— EXERCISE DETAILS —
Exactly and only the lines from the line holding "ethernet, ethernet, ethernet" to the end of the records should be reproduced. Leave pictures out.

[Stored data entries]

· · · · · · ·

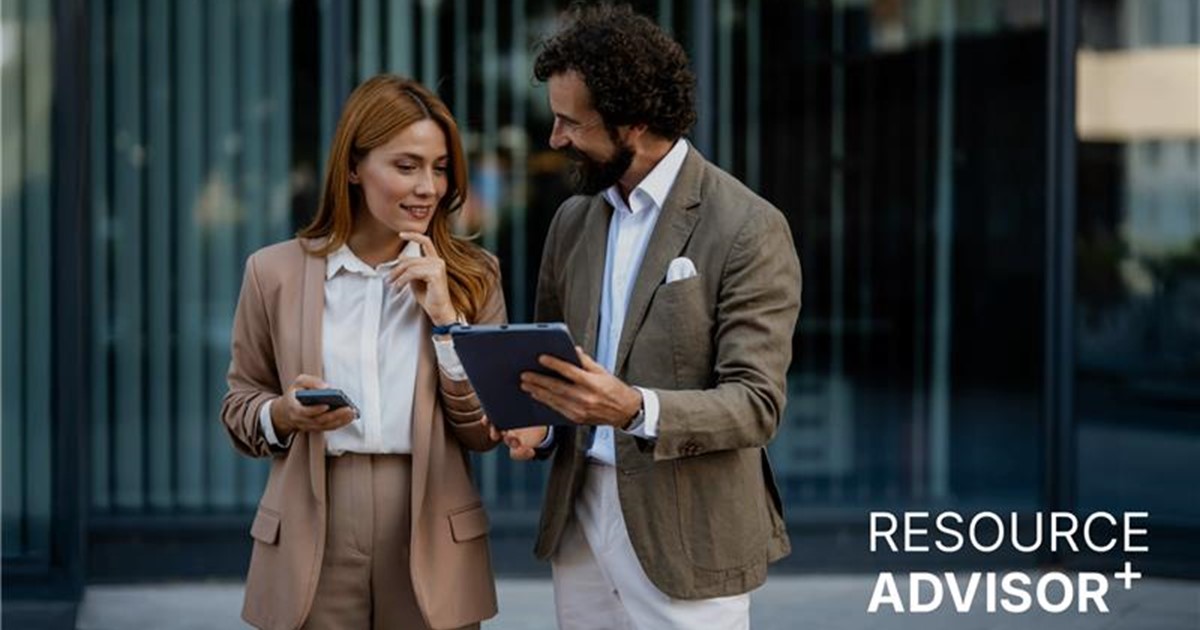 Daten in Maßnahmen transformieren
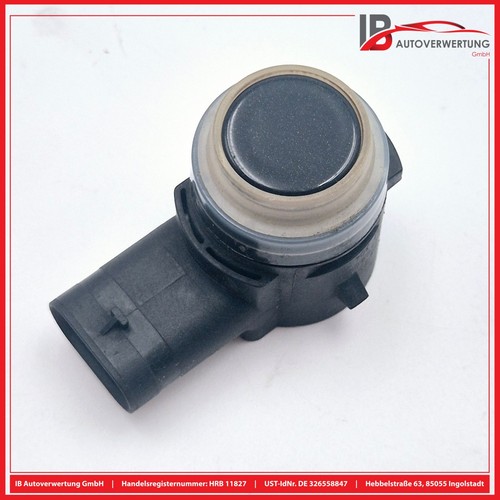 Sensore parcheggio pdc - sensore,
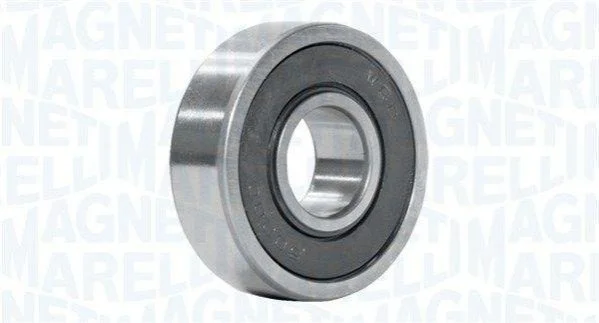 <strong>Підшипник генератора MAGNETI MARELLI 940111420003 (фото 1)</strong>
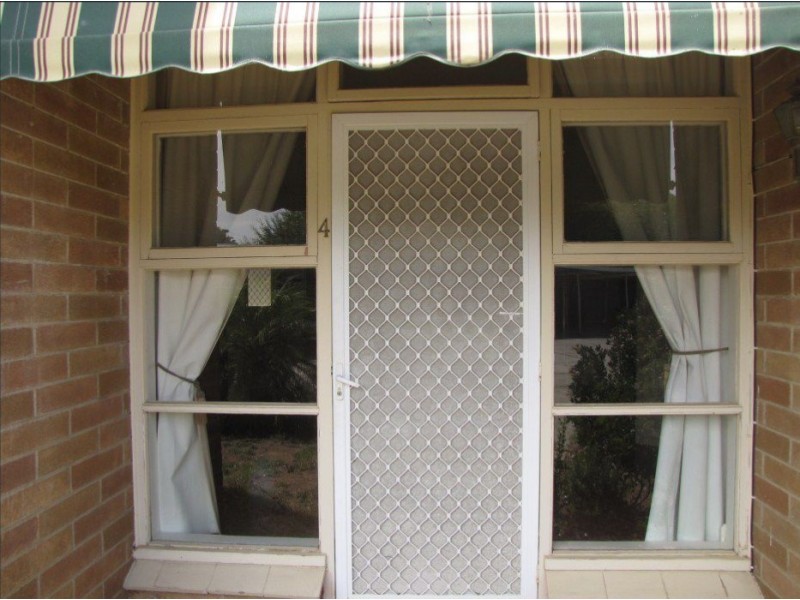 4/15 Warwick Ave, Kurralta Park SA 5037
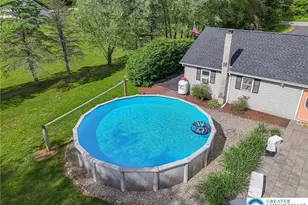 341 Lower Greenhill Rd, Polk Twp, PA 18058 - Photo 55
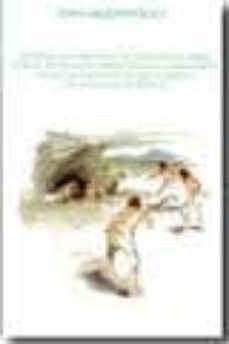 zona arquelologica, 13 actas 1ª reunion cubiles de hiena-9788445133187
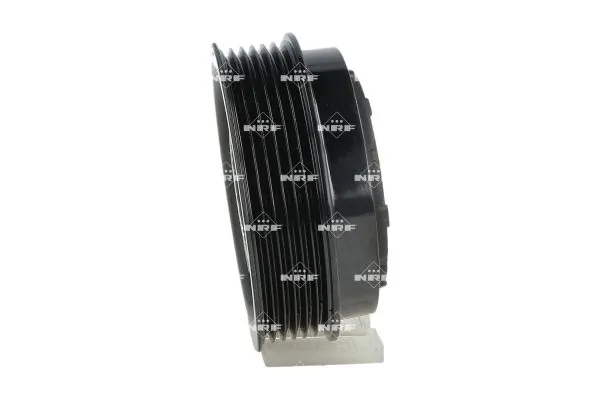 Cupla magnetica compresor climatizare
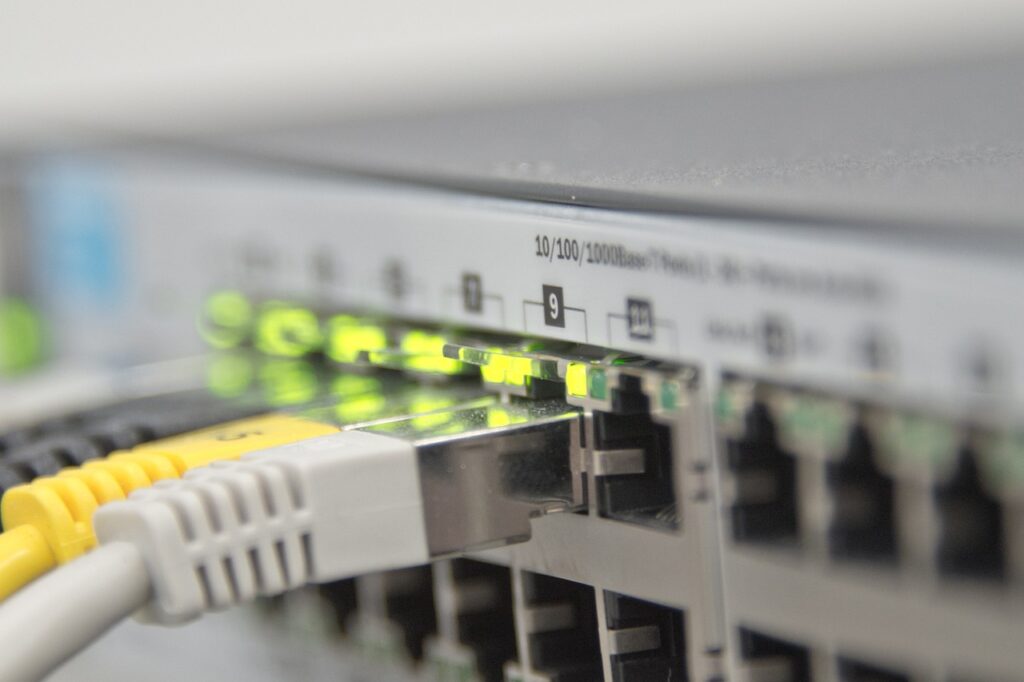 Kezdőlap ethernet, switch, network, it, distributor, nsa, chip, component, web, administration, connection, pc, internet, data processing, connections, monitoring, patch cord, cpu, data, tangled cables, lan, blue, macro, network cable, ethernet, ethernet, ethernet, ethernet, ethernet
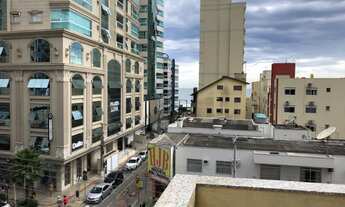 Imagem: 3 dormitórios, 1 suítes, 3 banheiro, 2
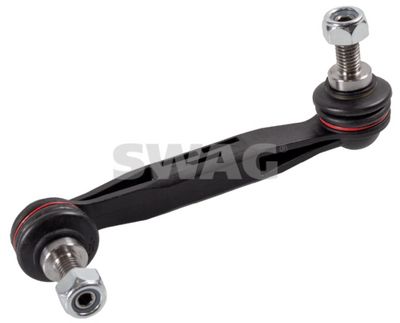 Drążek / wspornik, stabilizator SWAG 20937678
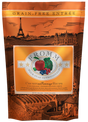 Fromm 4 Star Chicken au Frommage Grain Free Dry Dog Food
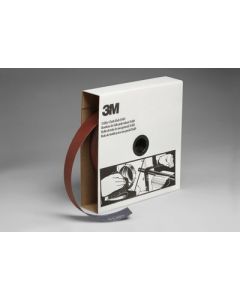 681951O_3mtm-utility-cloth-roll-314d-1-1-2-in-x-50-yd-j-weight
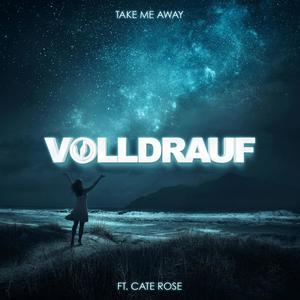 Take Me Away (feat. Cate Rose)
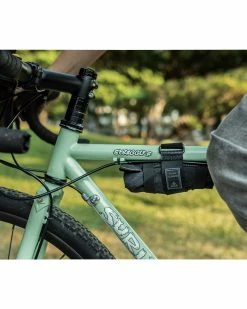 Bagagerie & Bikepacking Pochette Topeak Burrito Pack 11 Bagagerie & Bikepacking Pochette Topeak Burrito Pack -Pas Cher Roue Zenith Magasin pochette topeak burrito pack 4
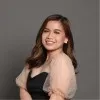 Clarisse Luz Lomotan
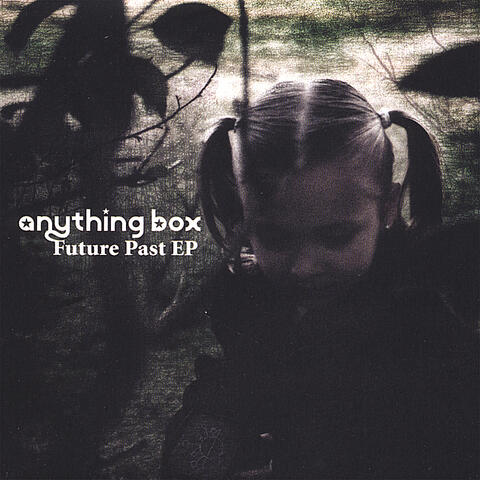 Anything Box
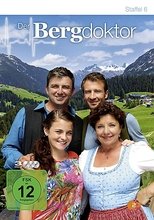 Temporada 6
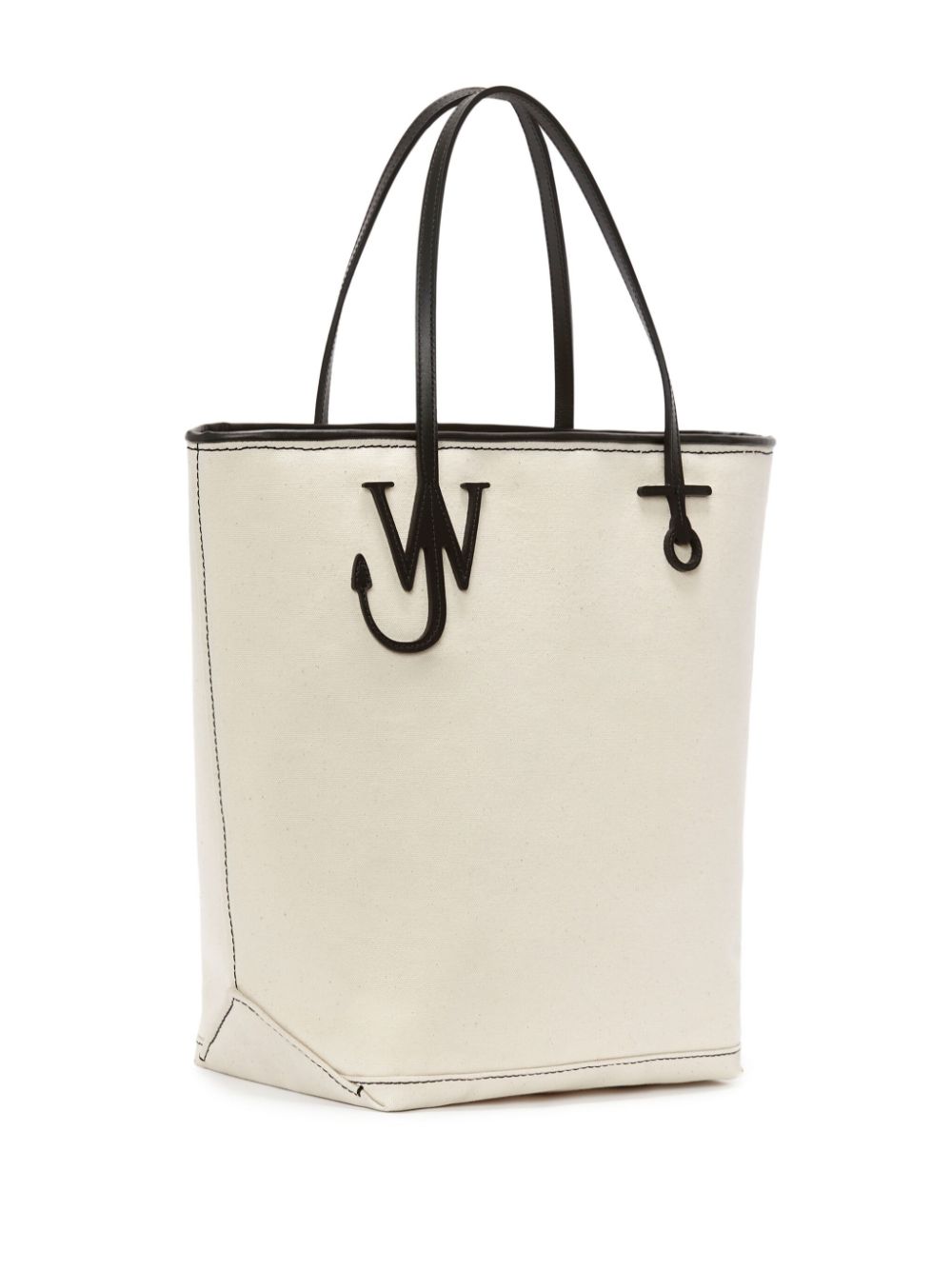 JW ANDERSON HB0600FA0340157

· · · · · · ·

— YOUR SOLUTION —
 Kezdőlap ethernet, switch, network, it, distributor, nsa, chip, component, web, administration, connection, pc, internet, data processing, connections, monitoring, patch cord, cpu, data, tangled cables, lan, blue, macro, network cable, ethernet, ethernet, ethernet, ethernet, ethernet
 Imagem: 3 dormitórios, 1 suítes, 3 banheiro, 2
 Drążek / wspornik, stabilizator SWAG 20937678
 Fromm 4 Star Chicken au Frommage Grain Free Dry Dog Food
 681951O_3mtm-utility-cloth-roll-314d-1-1-2-in-x-50-yd-j-weight
 Take Me Away (feat. Cate Rose)
 Bagagerie & Bikepacking Pochette Topeak Burrito Pack 11 Bagagerie & Bikepacking Pochette Topeak Burrito Pack -Pas Cher Roue Zenith Magasin pochette topeak burrito pack 4
 Clarisse Luz Lomotan
 Anything Box
 Temporada 6
 JW ANDERSON HB0600FA0340157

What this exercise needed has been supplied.